(RECORD SET Opens)
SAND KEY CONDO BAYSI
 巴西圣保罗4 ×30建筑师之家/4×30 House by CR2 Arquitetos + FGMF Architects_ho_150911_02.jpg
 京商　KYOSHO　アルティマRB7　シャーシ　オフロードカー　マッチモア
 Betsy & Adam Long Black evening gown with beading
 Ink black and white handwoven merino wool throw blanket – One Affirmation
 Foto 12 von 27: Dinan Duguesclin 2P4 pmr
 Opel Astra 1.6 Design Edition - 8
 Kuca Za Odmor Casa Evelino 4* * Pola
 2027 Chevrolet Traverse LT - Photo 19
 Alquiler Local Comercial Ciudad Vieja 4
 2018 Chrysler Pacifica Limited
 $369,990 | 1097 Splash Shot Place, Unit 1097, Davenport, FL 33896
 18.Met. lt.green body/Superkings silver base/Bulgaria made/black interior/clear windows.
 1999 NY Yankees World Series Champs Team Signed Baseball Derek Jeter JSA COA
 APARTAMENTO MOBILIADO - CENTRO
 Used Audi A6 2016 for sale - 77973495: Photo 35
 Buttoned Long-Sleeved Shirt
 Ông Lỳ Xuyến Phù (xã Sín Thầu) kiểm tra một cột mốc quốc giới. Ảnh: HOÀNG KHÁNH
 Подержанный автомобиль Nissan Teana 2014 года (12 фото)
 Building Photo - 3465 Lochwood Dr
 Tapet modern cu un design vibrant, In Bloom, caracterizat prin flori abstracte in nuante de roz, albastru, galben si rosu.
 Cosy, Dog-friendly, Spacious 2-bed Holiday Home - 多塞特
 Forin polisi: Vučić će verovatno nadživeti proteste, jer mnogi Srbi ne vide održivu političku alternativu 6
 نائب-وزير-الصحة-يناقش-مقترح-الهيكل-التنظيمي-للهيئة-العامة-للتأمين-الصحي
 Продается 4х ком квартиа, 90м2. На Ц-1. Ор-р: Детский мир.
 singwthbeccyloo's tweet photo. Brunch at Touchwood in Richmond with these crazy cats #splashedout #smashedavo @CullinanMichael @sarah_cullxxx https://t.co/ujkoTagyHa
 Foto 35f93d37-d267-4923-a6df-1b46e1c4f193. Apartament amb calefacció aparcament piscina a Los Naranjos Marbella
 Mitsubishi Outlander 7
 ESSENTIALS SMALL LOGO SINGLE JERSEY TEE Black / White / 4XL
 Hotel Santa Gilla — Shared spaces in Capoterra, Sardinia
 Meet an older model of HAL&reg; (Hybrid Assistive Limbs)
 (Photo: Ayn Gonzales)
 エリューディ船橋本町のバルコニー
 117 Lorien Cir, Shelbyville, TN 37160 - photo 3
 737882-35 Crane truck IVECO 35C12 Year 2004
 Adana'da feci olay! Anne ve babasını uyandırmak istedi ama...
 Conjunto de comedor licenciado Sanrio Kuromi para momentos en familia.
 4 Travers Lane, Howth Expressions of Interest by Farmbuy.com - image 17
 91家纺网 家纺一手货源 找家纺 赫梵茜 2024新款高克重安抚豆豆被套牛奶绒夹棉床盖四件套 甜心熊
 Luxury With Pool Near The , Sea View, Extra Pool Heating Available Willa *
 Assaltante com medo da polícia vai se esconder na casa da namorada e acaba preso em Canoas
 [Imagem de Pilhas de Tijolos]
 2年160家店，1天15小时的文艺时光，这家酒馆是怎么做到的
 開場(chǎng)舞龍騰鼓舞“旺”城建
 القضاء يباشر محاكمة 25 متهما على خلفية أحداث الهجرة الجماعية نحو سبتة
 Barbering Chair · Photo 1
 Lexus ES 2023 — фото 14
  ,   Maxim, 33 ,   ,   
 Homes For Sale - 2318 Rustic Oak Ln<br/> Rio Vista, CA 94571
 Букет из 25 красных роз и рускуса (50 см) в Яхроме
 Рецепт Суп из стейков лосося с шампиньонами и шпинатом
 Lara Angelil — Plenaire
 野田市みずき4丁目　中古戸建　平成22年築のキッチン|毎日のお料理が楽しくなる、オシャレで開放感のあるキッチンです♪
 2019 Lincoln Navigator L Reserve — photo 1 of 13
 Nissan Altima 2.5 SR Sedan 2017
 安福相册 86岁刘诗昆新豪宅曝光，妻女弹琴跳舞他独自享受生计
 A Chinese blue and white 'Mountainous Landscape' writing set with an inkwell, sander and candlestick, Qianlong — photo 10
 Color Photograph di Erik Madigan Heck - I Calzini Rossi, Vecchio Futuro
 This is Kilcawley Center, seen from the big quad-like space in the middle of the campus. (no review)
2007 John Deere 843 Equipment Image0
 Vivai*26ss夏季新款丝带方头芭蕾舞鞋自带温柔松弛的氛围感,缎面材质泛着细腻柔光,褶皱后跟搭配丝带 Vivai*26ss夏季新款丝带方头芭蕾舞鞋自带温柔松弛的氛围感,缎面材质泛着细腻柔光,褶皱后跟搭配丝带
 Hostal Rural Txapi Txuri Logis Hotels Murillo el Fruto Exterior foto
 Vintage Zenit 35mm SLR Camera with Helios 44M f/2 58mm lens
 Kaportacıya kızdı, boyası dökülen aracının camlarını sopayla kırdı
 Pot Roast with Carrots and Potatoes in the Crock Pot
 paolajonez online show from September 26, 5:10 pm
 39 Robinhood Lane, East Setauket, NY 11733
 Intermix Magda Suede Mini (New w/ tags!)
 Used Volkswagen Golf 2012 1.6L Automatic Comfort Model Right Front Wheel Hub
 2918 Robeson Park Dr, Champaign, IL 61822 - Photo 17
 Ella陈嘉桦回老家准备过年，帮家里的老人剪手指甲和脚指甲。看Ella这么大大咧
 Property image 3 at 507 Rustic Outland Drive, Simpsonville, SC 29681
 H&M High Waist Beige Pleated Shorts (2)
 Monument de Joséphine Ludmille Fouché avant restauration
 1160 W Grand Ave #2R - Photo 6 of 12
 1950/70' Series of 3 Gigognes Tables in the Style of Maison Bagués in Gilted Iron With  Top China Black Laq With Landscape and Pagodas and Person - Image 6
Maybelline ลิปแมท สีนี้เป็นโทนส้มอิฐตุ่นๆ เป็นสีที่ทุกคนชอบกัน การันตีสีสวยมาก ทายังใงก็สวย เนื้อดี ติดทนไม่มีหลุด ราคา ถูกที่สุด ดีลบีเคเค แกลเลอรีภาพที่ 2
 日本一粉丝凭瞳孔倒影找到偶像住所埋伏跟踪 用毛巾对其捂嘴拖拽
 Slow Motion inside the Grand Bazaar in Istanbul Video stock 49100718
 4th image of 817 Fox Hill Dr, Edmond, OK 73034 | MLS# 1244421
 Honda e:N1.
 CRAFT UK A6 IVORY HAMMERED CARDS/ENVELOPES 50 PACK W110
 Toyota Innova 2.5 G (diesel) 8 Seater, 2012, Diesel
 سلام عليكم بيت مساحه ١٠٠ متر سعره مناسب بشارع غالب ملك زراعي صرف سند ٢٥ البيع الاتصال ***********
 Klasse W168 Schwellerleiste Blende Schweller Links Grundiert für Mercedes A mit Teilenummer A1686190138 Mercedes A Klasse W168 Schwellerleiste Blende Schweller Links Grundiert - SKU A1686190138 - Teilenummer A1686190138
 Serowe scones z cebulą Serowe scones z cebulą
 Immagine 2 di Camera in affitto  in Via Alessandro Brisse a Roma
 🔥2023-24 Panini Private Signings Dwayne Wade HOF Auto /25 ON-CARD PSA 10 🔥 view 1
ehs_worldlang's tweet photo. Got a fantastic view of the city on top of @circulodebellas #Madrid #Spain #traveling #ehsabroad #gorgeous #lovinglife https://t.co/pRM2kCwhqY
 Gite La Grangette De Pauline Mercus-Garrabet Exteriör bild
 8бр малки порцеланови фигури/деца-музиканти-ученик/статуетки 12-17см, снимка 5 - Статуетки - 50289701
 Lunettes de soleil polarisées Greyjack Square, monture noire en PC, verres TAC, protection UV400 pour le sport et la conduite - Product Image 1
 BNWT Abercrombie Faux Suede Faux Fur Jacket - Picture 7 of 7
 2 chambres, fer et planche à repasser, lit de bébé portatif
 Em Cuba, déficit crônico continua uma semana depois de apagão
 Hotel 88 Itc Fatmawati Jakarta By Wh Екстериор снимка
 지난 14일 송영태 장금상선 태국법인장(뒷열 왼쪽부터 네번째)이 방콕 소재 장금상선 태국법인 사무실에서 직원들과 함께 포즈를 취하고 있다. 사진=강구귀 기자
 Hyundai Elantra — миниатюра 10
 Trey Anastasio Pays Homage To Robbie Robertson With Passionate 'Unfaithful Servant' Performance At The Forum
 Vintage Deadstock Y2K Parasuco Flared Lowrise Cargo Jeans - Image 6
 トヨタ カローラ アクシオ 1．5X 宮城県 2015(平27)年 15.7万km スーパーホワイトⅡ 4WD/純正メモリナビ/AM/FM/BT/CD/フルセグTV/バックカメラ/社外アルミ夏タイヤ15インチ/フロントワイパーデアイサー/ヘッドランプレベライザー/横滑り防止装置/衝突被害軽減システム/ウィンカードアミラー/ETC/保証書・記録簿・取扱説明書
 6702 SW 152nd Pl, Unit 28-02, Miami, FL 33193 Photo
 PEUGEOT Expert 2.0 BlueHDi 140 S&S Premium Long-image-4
(RECORD SET Closes)
TASK REQUIREMENTS:
Could you please retype the lines from the start of the data through the line with "Продается 4х ком", both included, and nothing else?

RESULT FOR THIS EXERCISE:
SAND KEY CONDO BAYSI
 巴西圣保罗4 ×30建筑师之家/4×30 House by CR2 Arquitetos + FGMF Architects_ho_150911_02.jpg
 京商　KYOSHO　アルティマRB7　シャーシ　オフロードカー　マッチモア
 Betsy & Adam Long Black evening gown with beading
 Ink black and white handwoven merino wool throw blanket – One Affirmation
 Foto 12 von 27: Dinan Duguesclin 2P4 pmr
 Opel Astra 1.6 Design Edition - 8
 Kuca Za Odmor Casa Evelino 4* * Pola
 2027 Chevrolet Traverse LT - Photo 19
 Alquiler Local Comercial Ciudad Vieja 4
 2018 Chrysler Pacifica Limited
 $369,990 | 1097 Splash Shot Place, Unit 1097, Davenport, FL 33896
 18.Met. lt.green body/Superkings silver base/Bulgaria made/black interior/clear windows.
 1999 NY Yankees World Series Champs Team Signed Baseball Derek Jeter JSA COA
 APARTAMENTO MOBILIADO - CENTRO
 Used Audi A6 2016 for sale - 77973495: Photo 35
 Buttoned Long-Sleeved Shirt
 Ông Lỳ Xuyến Phù (xã Sín Thầu) kiểm tra một cột mốc quốc giới. Ảnh: HOÀNG KHÁNH
 Подержанный автомобиль Nissan Teana 2014 года (12 фото)
 Building Photo - 3465 Lochwood Dr
 Tapet modern cu un design vibrant, In Bloom, caracterizat prin flori abstracte in nuante de roz, albastru, galben si rosu.
 Cosy, Dog-friendly, Spacious 2-bed Holiday Home - 多塞特
 Forin polisi: Vučić će verovatno nadživeti proteste, jer mnogi Srbi ne vide održivu političku alternativu 6
 نائب-وزير-الصحة-يناقش-مقترح-الهيكل-التنظيمي-للهيئة-العامة-للتأمين-الصحي
 Продается 4х ком квартиа, 90м2. На Ц-1. Ор-р: Детский мир.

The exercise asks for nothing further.